**Feature crosses** are created by
crossing (taking the Cartesian product of) two or more categorical or bucketed
features of the dataset. Like polynomial
transforms,
feature crosses allow linear models to handle nonlinearities. Feature crosses
also encode interactions between features.

For example, consider a leaf dataset with the categorical features:

`edges`

, containing values`smooth`

,`toothed`

, and`lobed`

`arrangement`

, containing values`opposite`

and`alternate`

Assume the order above is the order of the feature columns in a one-hot
representation, so that a leaf with `smooth`

edges and `opposite`

arrangement
is represented as `{(1, 0, 0), (1, 0)}`

.

The feature cross, or Cartesian product, of these two features would be:

```
{Smooth_Opposite, Smooth_Alternate, Toothed_Opposite, Toothed_Alternate,
Lobed_Opposite, Lobed_Alternate}
```

where the value of each term is the product of the base feature values, such that:

`Smooth_Opposite = edges[0] * arrangement[0]`

`Toothed_Opposite = edges[1] * arrangement[0]`

`Lobed_Alternate = edges[2] * arrangement[1]`

For any given example in the dataset, the feature cross will equal 1 only if
both base features' original one-hot vectors were 1 for the crossed categories.
That is, an oak leaf with a lobed edge and alternate arrangement would have a
value of 1 only for `Lobed_Alternate`

, and the feature cross above would be:

`{0, 0, 0, 0, 0, 1}`

This dataset could be used to classify leaves by tree species, since these characteristics do not vary within a species.
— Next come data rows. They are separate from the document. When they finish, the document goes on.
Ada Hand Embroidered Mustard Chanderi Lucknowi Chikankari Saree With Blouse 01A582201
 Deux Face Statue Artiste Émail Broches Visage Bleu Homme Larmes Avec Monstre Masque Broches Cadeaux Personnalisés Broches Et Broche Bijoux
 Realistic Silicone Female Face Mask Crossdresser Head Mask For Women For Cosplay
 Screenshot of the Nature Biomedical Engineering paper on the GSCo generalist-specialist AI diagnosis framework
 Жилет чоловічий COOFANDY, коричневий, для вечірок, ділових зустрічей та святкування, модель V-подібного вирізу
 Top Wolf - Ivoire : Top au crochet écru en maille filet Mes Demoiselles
## When to use feature crosses

Domain knowledge can suggest a useful combination of features
to cross. Without that domain knowledge, it can be difficult to determine
effective feature crosses or polynomial transforms by hand. It's often possible,
if computationally expensive, to use
neural networks to
*automatically* find and apply useful feature combinations during training.

Be careful—crossing two sparse features produces an even sparser new feature than the two original features. For example, if feature A is a 100-element sparse feature and feature B is a 200-element sparse feature, a feature cross of A and B yields a 20,000-element sparse feature.